═════ Supplied records

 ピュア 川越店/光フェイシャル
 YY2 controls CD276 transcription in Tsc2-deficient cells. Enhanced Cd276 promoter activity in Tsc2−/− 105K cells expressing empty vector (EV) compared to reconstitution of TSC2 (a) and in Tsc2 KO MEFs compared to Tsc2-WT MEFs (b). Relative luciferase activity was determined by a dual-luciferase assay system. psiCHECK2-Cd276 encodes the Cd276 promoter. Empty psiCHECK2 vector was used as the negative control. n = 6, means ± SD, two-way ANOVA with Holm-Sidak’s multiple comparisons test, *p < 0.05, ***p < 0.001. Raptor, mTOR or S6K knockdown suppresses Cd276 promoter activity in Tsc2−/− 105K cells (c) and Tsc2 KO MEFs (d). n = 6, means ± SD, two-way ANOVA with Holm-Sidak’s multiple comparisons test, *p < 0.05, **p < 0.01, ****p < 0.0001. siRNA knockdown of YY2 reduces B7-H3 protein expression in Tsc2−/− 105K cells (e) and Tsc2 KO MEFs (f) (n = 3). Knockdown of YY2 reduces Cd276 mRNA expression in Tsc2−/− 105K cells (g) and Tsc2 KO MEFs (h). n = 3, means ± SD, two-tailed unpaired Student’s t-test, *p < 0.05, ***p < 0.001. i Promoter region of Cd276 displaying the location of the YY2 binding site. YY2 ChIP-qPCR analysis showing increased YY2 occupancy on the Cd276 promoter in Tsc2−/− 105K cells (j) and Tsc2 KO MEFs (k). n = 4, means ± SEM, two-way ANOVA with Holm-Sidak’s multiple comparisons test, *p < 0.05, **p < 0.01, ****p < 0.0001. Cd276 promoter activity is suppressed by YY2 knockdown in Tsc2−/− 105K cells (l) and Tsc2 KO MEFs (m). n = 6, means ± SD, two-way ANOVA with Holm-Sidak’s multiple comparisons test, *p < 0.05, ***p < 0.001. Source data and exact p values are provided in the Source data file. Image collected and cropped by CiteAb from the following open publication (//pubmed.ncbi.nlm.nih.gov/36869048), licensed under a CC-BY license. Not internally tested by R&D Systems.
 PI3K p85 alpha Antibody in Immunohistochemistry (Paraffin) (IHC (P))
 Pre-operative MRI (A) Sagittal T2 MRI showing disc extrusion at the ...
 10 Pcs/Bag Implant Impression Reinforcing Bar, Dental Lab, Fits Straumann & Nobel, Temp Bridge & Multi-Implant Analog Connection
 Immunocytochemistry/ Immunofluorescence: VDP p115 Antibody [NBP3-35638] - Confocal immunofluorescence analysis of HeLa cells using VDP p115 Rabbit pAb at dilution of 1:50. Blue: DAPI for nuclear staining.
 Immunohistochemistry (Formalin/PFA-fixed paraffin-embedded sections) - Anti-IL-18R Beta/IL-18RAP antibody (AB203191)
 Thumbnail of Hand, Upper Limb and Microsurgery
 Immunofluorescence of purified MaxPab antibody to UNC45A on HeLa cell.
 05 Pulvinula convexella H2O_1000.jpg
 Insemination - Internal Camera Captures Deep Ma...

══════════

What you are asked to do
Find the word "Immunohistochemistry" in the entries and show each line where it is found.

Result of the task
 PI3K p85 alpha Antibody in Immunohistochemistry (Paraffin) (IHC (P))
 Immunohistochemistry (Formalin/PFA-fixed paraffin-embedded sections) - Anti-IL-18R Beta/IL-18RAP antibody (AB203191)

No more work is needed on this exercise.